Hello all, yes i may be new here :so_happy: but i have been looking around and found this place.

Well how do i start? as the title suggests i do have Space Wolves up for trade, and i am looking to start a WHFB and am interested in HE.

Here is what i have to offer:

Current WH40K Rulebook (Very good Condition)
Space Wolves Codex
Dice

Logan Grimnar (Finecast)
Nigel Storm Caller (Metal)
3 WG Terminators
1 Rune Priest (Metal)
30 Grey Hunters
5-10 Long Fangs
1 Rhino
2 Razorbacks (can take weapon mount off and use as a rhino)
1 plastic venerable Dread (all weapon arm choices available)
1 Vindicator
10 Wolf Scouts
10 Blood Claws
5 Sky Claws

and a bitz box with all the spare parts in from all the models i have

The long fangs are in a state of being built and converted from normal Devastator's, and all models are in various stages of being painted (all dry-brushed so re-spraying won't be a problem, and you shouldn't lose any detail)

as you can see this is a relatively big collection, and i have no clue on how to compare it value wise for trading.
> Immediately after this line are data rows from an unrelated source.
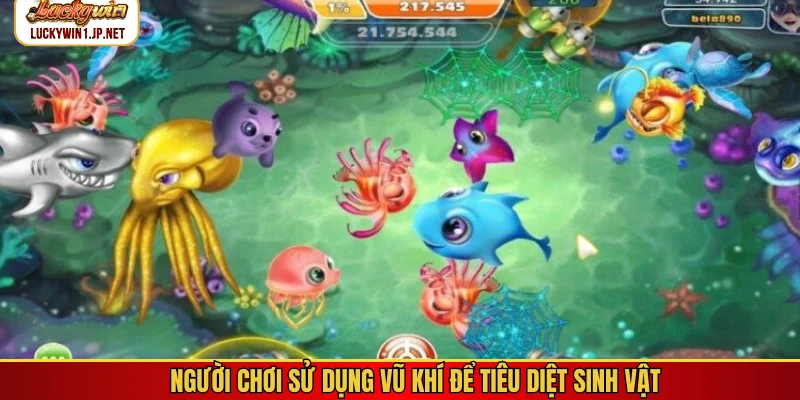 Người chơi sử dụng vũ khí để tiêu diệt sinh vật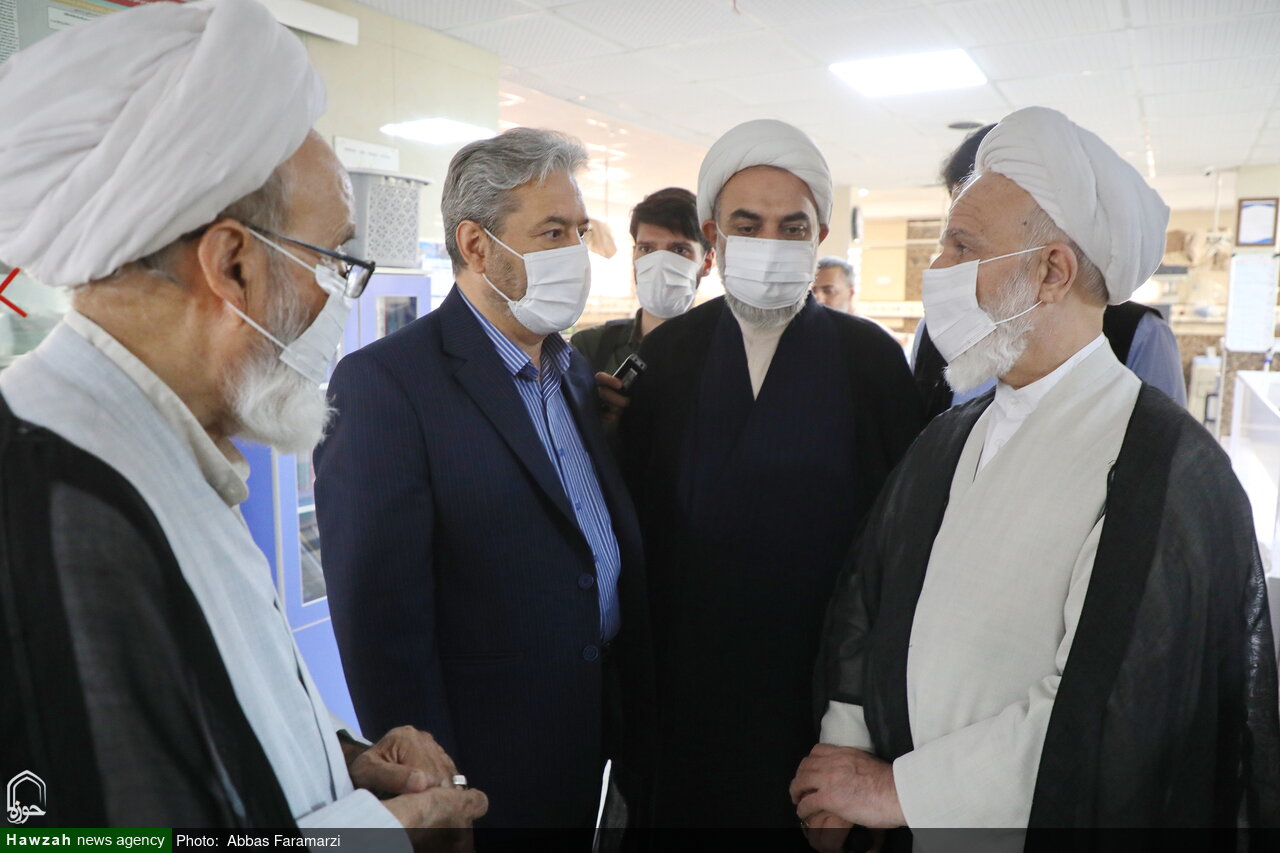 تصاویر/ عیادت نمایندۀ رهبر معظم انقلاب از آیت‌الله العظمی شبیری‌زنجانی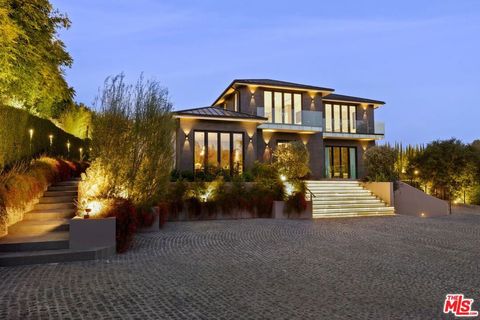 822 N Kenter Los Angeles CA 90049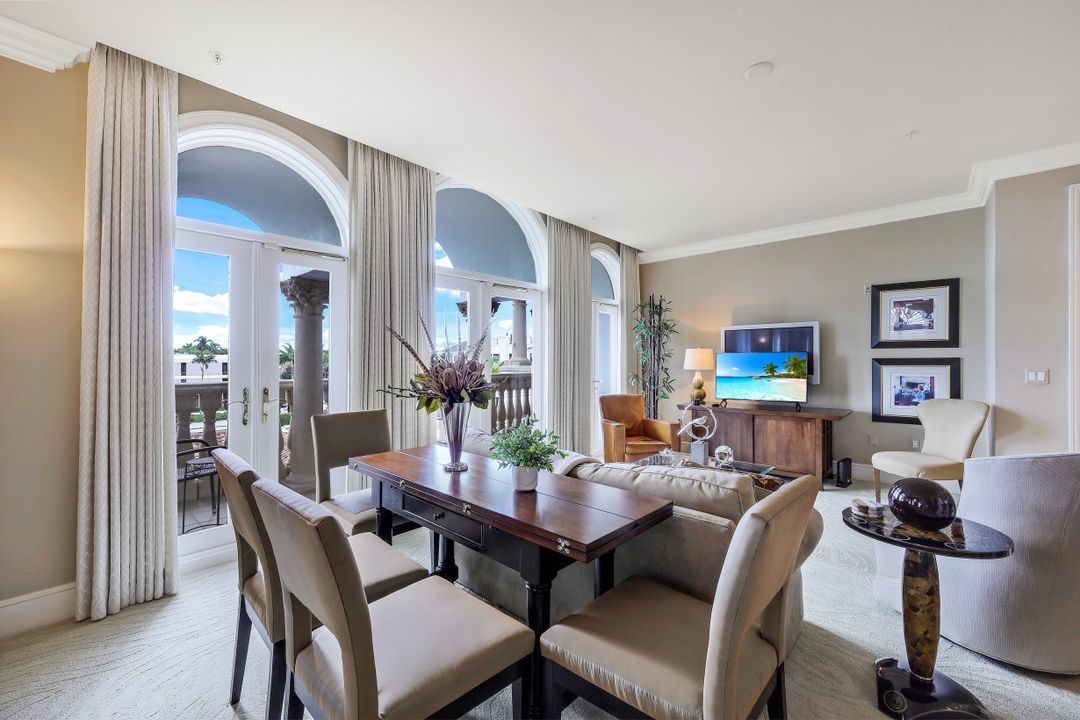 900 5th Ave S #302, Naples, FL 34102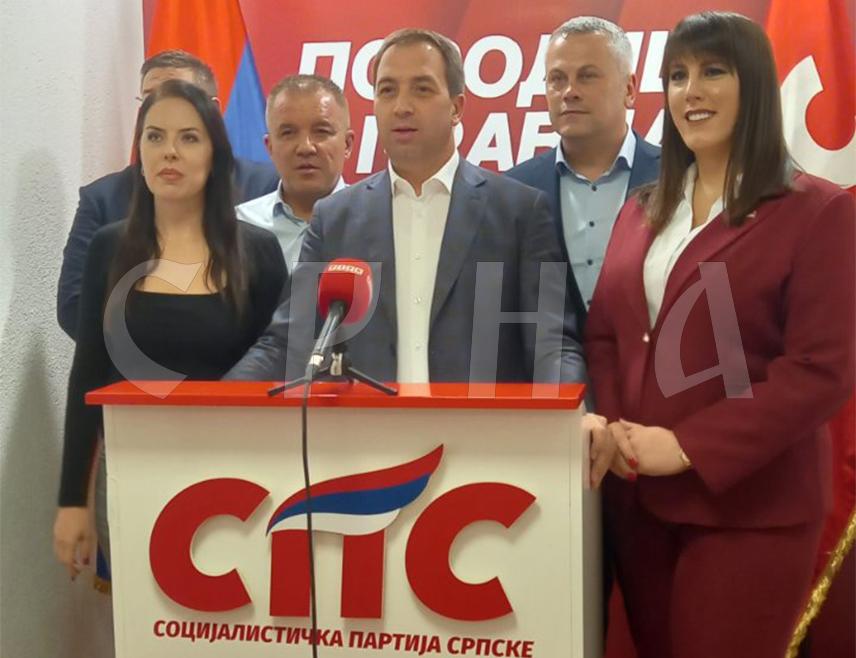 БАЊАЛУКА, 4. ОКТОБРА /СРНА/ - Предсједник СПС Горан Селак изјавио је да ова странка, на основу око 90 одсто обрађених бирачких мјеста, има четири посланичка мандата у Народној скупштини Републике Српске, а вјероватно и пети, те да је партија остварила планирани резултат.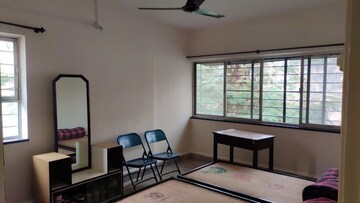 Bedroom in 2 BHK Apartment at Dahanukar Colony – for Rent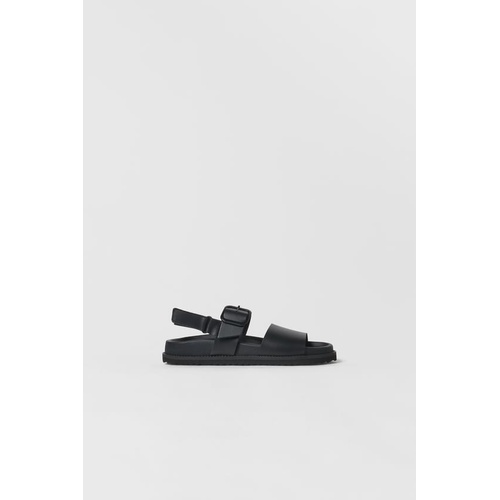 자라 Zara KIDS/ LEATHER SANDALS WITH BUCKLES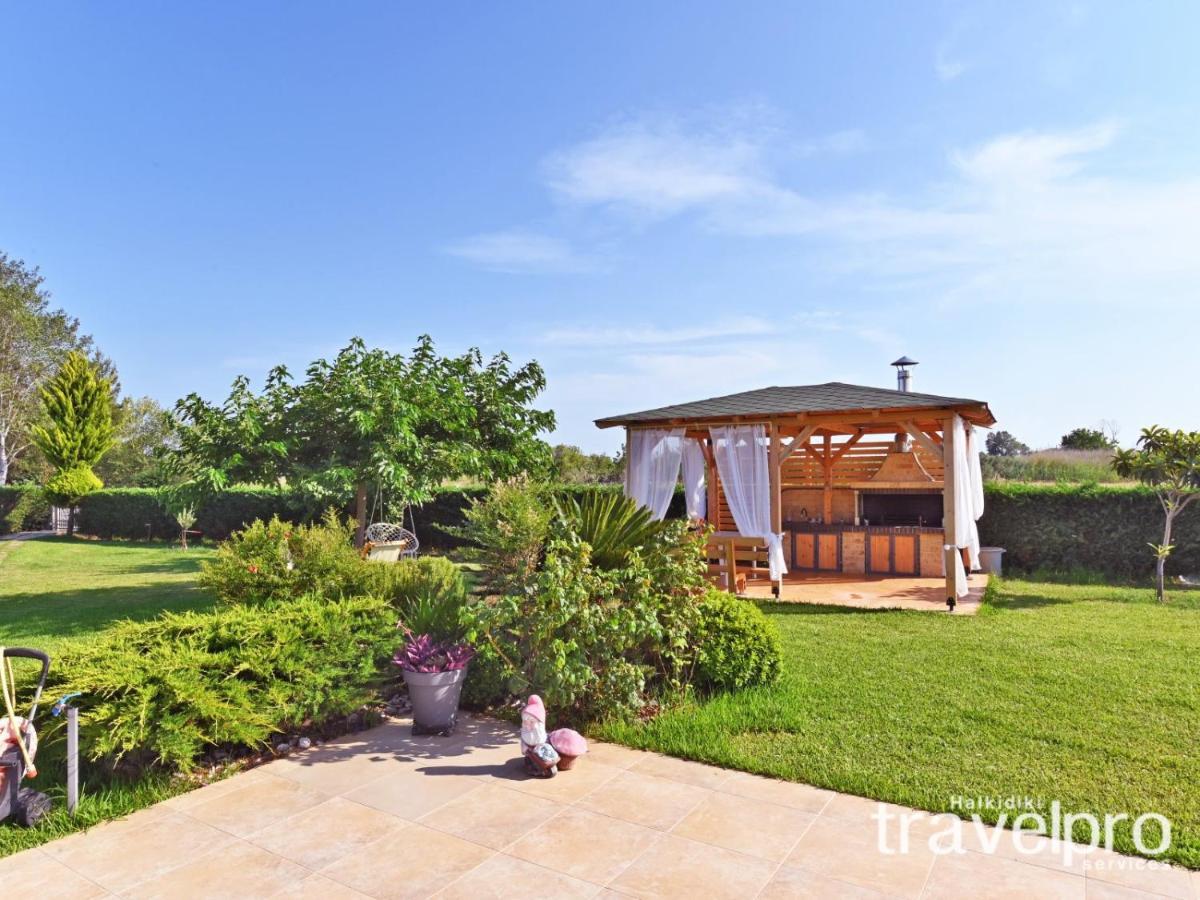 Villa Iris By Rentalspro Services - Agios Mamas Beach المظهر الخارجي الصورة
If you are interested and have HE (plastic preferably) let me know and we can work something out, plus i may be willing to break it up depending on what is available to offer.

Thanks for your time,

Captain Obvious.


----------



## grumabeth (Mar 16, 2008)

Hey man. i have the iob elves with 5 extra lsg. 5 shadpw warriors and 10 white lions if your intrested.


----------



## Captain_Obvious (Mar 28, 2012)

That sounds good, what would you be looking for from my list?


----------



## Captain_Obvious (Mar 28, 2012)

and i forgot to mention, i also have the new winged Hive Tyrant equipped with a heavy Venom Cannon and a Swarmlord built and both are undercoated black to add to the list as well 14 Hormagaunts and 6 Termagaunts, still looking for plastic HE's Thankyou


----------